Transcribe only the part of the material below that begins at the line containing "Тактический фонарь TrustFire T21R обзор" and ends at the line containing "Castorland Motýlí princezna 1000 dílků", with both kept and images left out.

**Supplied entries:**
..........

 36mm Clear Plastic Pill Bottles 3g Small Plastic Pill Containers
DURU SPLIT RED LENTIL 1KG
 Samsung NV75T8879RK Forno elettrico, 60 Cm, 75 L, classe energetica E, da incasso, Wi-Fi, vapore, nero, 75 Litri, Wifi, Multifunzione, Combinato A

..........

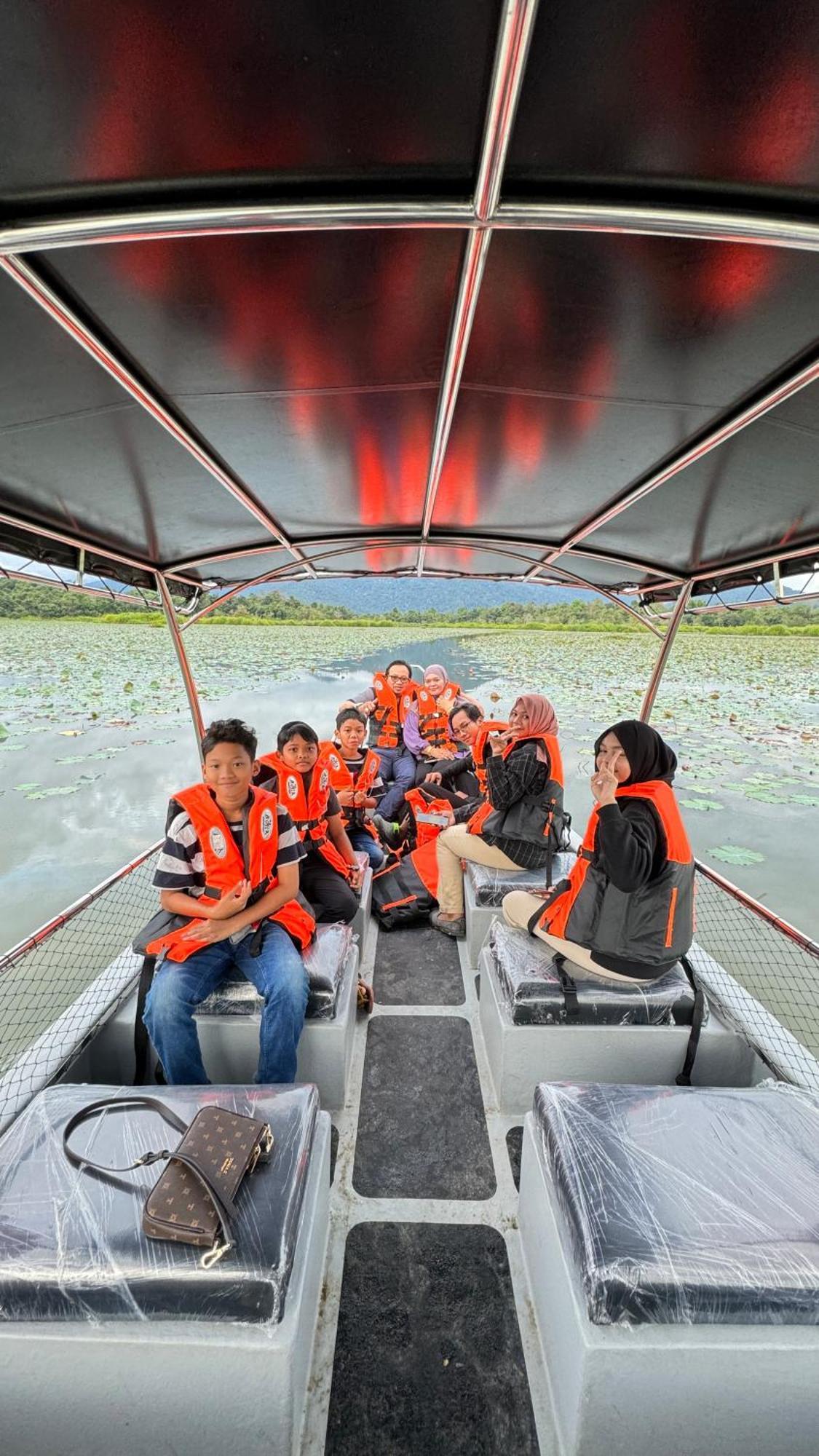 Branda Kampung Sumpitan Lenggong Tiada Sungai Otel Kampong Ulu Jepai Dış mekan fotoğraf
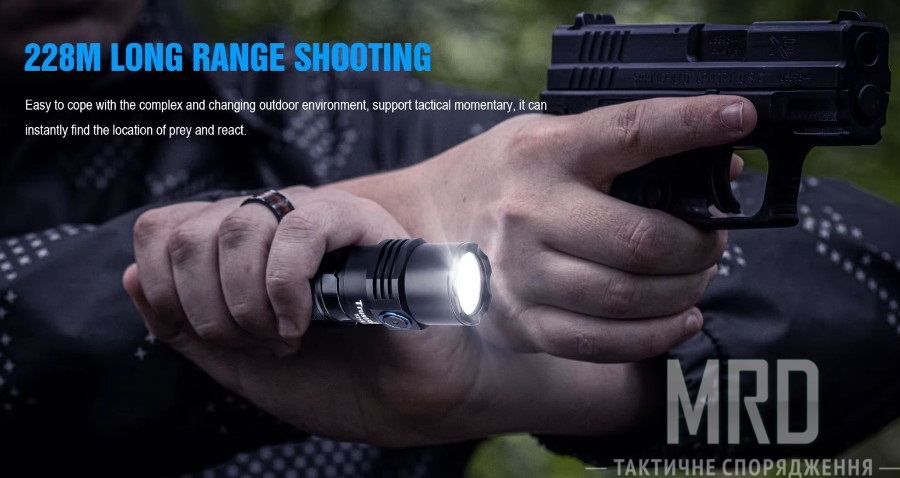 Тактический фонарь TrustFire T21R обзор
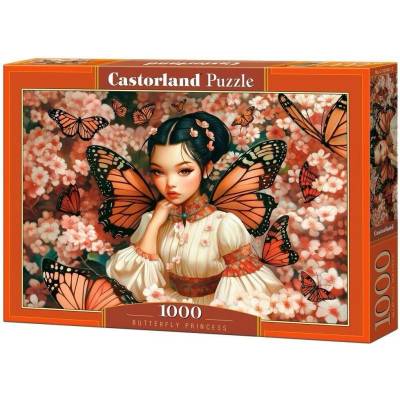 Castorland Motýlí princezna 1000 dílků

..........

**Finished task:**
 Тактический фонарь TrustFire T21R обзор
 Castorland Motýlí princezna 1000 dílků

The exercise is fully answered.